DAVOS, Switzerland - The World Economic Forum turned from the global economic crisis to politics and diplomacy Thursday with debates on the new U.S. administration, Iran's nuclear program and unrest in the Middle East, Pakistan and Afghanistan.

Israeli election front-runner Benjamin Netanyahu told a session that keeping nuclear weapons out Iran's hands was more important than the economy because the financial meltdown is reversible and a nuclear Iran wouldn't be.

"What is not reversible is the acquisition of nuclear weapons by a fanatic radical regime ... We have never had, since the dawn of the nuclear age, nuclear weapons in the hands of such a fanatical regime," he said.

Coming a day after warnings that the financial meltdown was not close to abating and growth remained on a slippery slope, OPEC warned it was ready to make more production cuts if oil prices don't start rising soon.

OPEC Secretary-General Abdalla Salem El-Badri, speaking at the annual meeting of business and government leaders in Davos, Switzerland, expressed hope that global oil demand would pick up "by the end of this year or beginning of next year."

El-Badri said OPEC members will have reached the group's pledge of a drop of 4.2 million barrels a day by the end of January.

After that "if we still have some downward problems, then OPEC will not hesitate to take some quantity out of the market," he said.

Later, officials were to discuss the recent fighting in Gaza, reactions to and hopes for the leadership of President Barack Obama and how to tackle efforts to fight terrorism.

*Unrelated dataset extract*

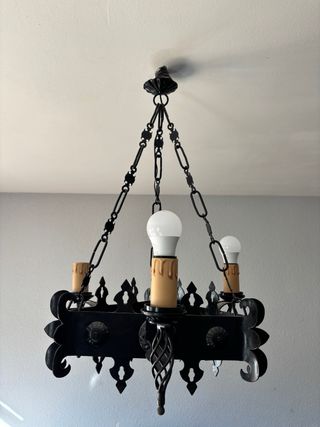 2 Lámparas de forja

Israeli President Shimon Peres, Turkish President Recep Tayyip Erdogan, Pakistani Prime Minister Yousuf Raza Gilani and the foreign ministers of Iran, Britain and France were slated to participate.

On Wednesday, the Chinese and Russian prime ministers obliquely criticized the United States for producing the worst financial crisis since the Great Depression, citing a blinding drive for profit.

Both China's Wen Jiabao and Russia's Vladimir Putin said the crisis had seriously affected their countries' economies.

The annual meeting of politicians, top business leaders, activists and celebrities gathered under a pall of gloom that has seen personal fortunes trimmed, companies shuttered and hundreds of thousands jobs lost.

"There is a modesty, even a humility of confidence," Michael Useem, a management professor at The University of Pennsylvania's Wharton School of Business, said of this year's conference.

The failure of the world's financial community and of regulators to detect and deflect the spiraling crisis has left many groping for answers and questioning what went wrong on a moral, even spiritual level.

"We have trusted the invisible hand so much that we forgot to bring virtue to bear on our decisions so the invisible hand has let go of some important things, like the common good," said theologian Jim Willis, CEO of Sojourners USA.

"The common good has not been very common in our decision making about economics for a long time," he said.